Monday, October 9, 2017

Stagecraft vs. Statecraft

The Trump administration went to great taxpayer expense yesterday to alienate an awful lot of people and demonstrate that yes, they truly do disrespect the opinions of several million people while at the same time dividing the country.

Trump reignited his feud with the N.F.L. on Sunday by telling Vice President Mike Pence to walk out of a game in his home state of Indiana after nearly two dozen players from the visiting San Francisco 49ers knelt during the playing of the national anthem.

Mr. Pence lavishly documented his early departure in a series of tweets and an official statement issued by his office.
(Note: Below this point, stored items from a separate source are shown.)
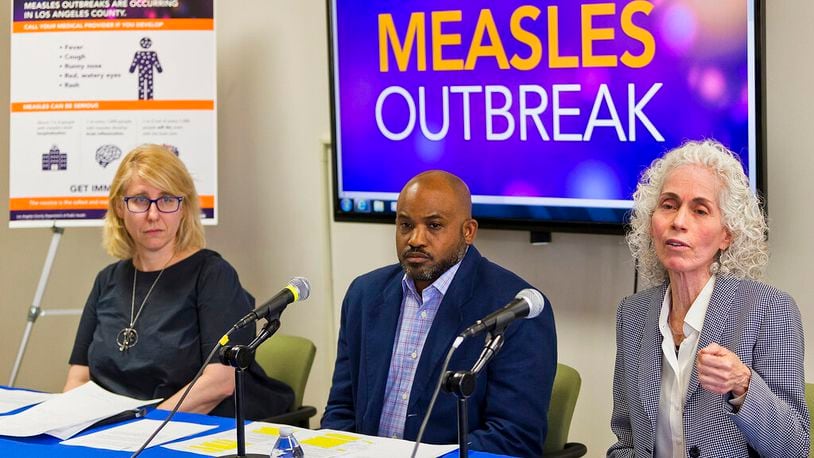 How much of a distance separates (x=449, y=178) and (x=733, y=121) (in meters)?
1.01

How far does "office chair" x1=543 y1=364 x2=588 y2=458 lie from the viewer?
10.8ft

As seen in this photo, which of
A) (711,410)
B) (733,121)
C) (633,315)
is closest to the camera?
(711,410)

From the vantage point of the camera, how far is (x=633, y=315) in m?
2.87

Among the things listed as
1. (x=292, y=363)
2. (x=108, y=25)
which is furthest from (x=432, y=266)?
(x=108, y=25)

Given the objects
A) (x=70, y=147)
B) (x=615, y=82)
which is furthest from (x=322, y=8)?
(x=615, y=82)

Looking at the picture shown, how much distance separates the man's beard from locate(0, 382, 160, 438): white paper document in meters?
0.86

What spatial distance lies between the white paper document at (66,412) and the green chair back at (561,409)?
1163 mm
On Twitter, he declared, “I left today’s Colts game because @POTUS and I will not dignify any event that disrespects our soldiers, our Flag, or our National Anthem.”

While the vice president portrayed his decision as a gesture of patriotic principle, it had the distinct appearance of a well-planned, if costly, political stunt. He doubled back from a trip to the West Coast to take a seat in the stands in Indianapolis, where the 49ers — the team most associated with the N.F.L. protest movement against racial injustice — were suiting up to play the Colts.

Shortly after Mr. Pence issued his statement, Mr. Trump said on Twitter, “I asked @VP Pence to leave stadium if any players kneeled, disrespecting our country. I am proud of him and @SecondLady Karen.”

For Mr. Trump, the vice president’s walkout keeps alive a dispute that has proved popular with his political base, even if he has drawn criticism from the N.F.L. and some of its owners for being divisive and politicizing professional sports. On Sunday, a spokesman for the N.F.L., Joe Lockhart, declined to comment on Mr. Pence’s statement.

While politicians from both parties concoct situations for political gain, some criticized Mr. Pence’s walkout as transparently premeditated. The vice president did not take a pool reporter traveling with him into the stadium; a member of Mr. Pence’s staff told the reporter, Vaughn Hillyard, that the vice president might be leaving the game early.

“Manipulation of faux patriotism took new turn today with VP Pence. Preplanned early exit from Colts game after 49ers kneeled, then tweets,” Norman Ornstein, a resident scholar at the conservative American Enterprise Institute, wrote on Twitter.

Others pointed out the expense involved: Mr. Pence flew to Indianapolis from Las Vegas, where he had attended a memorial service for victims of last Sunday’s mass shooting, and was immediately flying back to Los Angeles.

“After all the scandals involving unnecessarily expensive travel by cabinet secretaries, how much taxpayer money was wasted on this stunt?” Representative Adam B. Schiff, Democrat of California, said in a tweet.

There was little doubt, given the presence of the 49ers, that Mr. Pence would be given an opportunity to make his political statement. The former 49ers quarterback Colin Kaepernick began the dispute over the national anthem last year by taking a knee to highlight the plight of black Americans, particularly the killing of black men by police officers.

Mr. Kaepernick left the 49ers in March and has not been signed by any other team — a situation seen by many as a blacklisting by other team owners. But other 49ers have continued the protest in a show of solidarity with their former teammate.

In America — at least the country that I believe in — no one dictates to anyone else how to show patriotism, be it a salute to a flag or the recitation of a pledge, and certainly not with a stunt that was deliberately staged to inflame the issue.

A grown-up and inclusive administration would have worked to find out what could be done to bring people together and to understand the grievance.  Someone who understands statecraft would have said that while they may not agree with the act, they have every right to show their true feelings.  Or, best of all, they would have said absolutely nothing in public to make the situation worse.

But that’s not the America Trump and his puppet Pence believe in.

2 barks and woofs on “Stagecraft vs. Statecraft

  1. This was just ridiculous. The First Amendment clearly protects the players actions. Taking a knee is not disrespectful. I choose to stand for the National Anthem but also support the right not to do so. It was a waste of time and money. Just another distraction. I am far more worried about North Korea and Puerto Rico than the NFL

  2. Again the point is to distract. No expense will be spared in the determination to keep the topic off of all the mess that is this administration: Russian meddling, a deadlocked Congress, no progress on any bill of any sort and most of all Puerto Rico (“I’m doing a marvelous job there – just ask the Governor”). So we follow the shiny object once again and this time it’s the NFL demonstrating against the second class citizenship of black people and what that has to do with honoring the flag. And we WERE distracted, weren’t we?